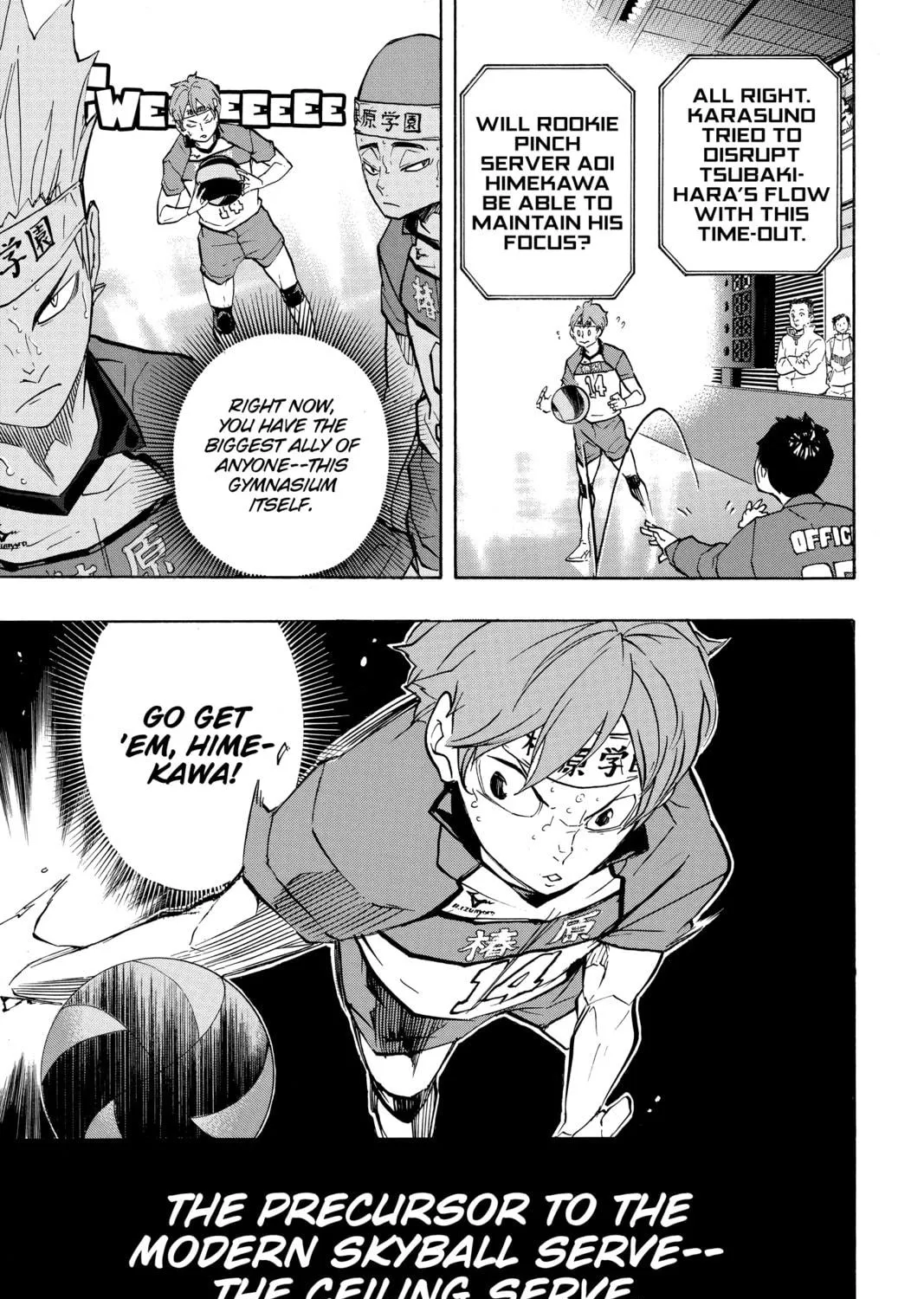 Read Haikyu!! chapter 240 image 4 on Lezhin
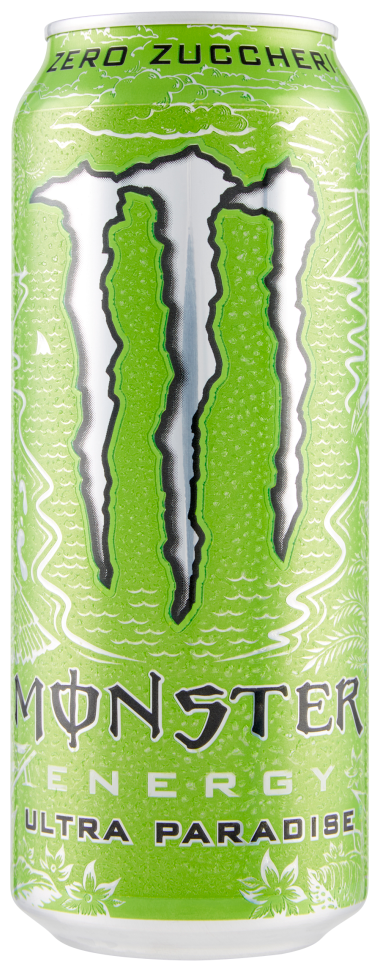 Энергетический напиток Monster Energy Ultra Paradise со вкусом киви, лайма и огурца (Польша), 500 мл (3 шт) - фотография № 3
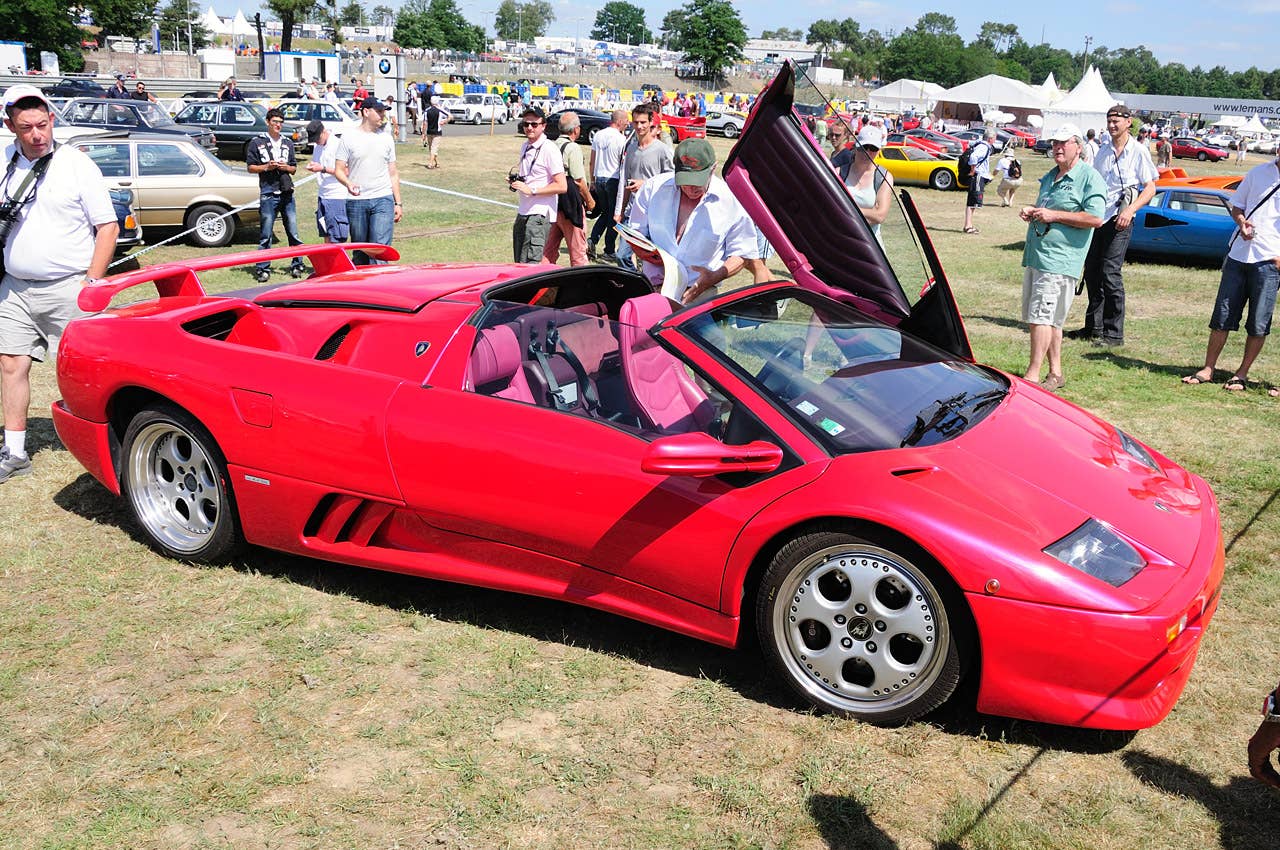 Lamborghini Diablo Roadster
————
◆ **Work required**
All of the data above should be quoted exactly, except for the pictures.

◆ **Task solution**
 Read Haikyu!! chapter 240 image 4 on Lezhin
 Энергетический напиток Monster Energy Ultra Paradise со вкусом киви, лайма и огурца (Польша), 500 мл (3 шт) - фотография № 3
 Lamborghini Diablo Roadster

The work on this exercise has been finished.